Big Data

Practically every major sector of the economy and scientific enterprise is kindling (or rekindling) the idea of Big Data as key to solving important problems in and across disciplines. The Wall Street Journal has highlighted Big Data as one of three game changer or ‘black swan’ technologies that will transform the future. It is fair to say that there is a big data rush underway; nowhere is the promise and potential more real than in the rapid rise of inexpensive whole-genome sequencing technologies using next-generation sequencing (NGS) instruments. The world’s current sequencing capacity is estimated to be 13 quadrillion DNA bases a year. The cost to produce an accurate human whole-genome sequence is dropping rapidly and is expected to cost under $100 per genome in the next decade; the capacity to sequence the genomes of a billion people will have been realized in the next twenty years. These will be truly Big Data, requiring 3 or more exabytes of storage. A number of public and private projects are already contributing to this biological data deluge. The NIH-funded 1000 Genomes Project deposited 200 terabytes of raw sequencing data into the GenBank archive during the project’s first 6 months of operation, twice as much as had been deposited into all of GenBank for the entire 30 years preceding.

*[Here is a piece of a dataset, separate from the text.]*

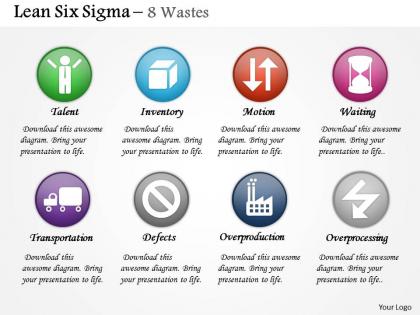 0314 lean six sigma eight types of waste powerpoint presentation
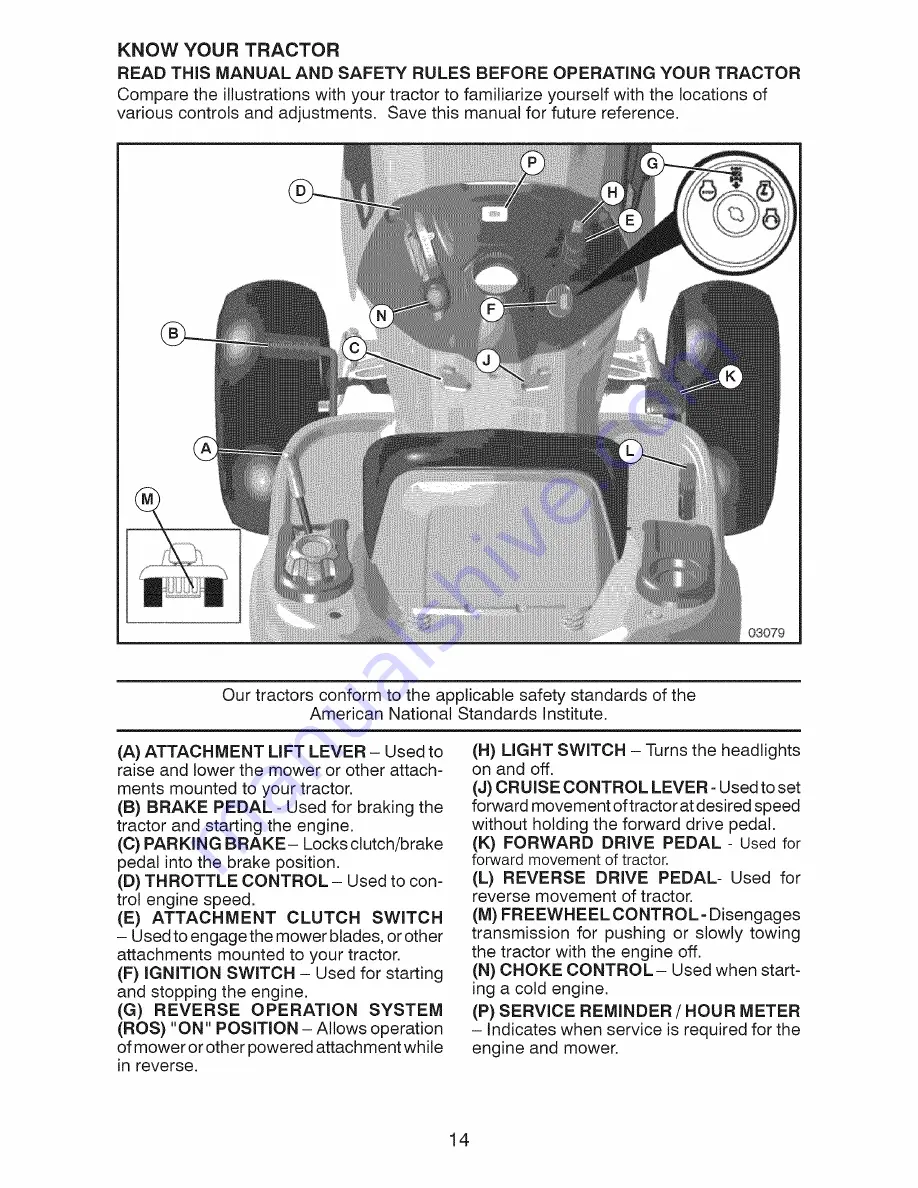 Craftsman 917.25436 Скачать руководство пользователя страница 14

Our team is working on a new generation of data management and mining systems to support diverse needs from personalized clinical medicine, translational and population research involving molecular and genetic outcomes. This project spans the disciplines of computer systems, analytics, and genomics. Our systems research, in collaboration with the departments of computer science at Virginia Tech and Georgetown University will help harness petabytes of genomic information in a manner cognizant of the multimodal, multilevel nature of the datasets, and our project will extend the query capabilities of existing NoSQL models. Our analytics research extends the MapReduce workflow paradigm to support more complex workflows on genomic and other biological data while being attentive to the need to save some intermediary results and discard others. More broadly, this project is aimed to be the first implementation of petabyte-scale compositional data mining to extract actionable, ranked knowledge from large-scale genome studies.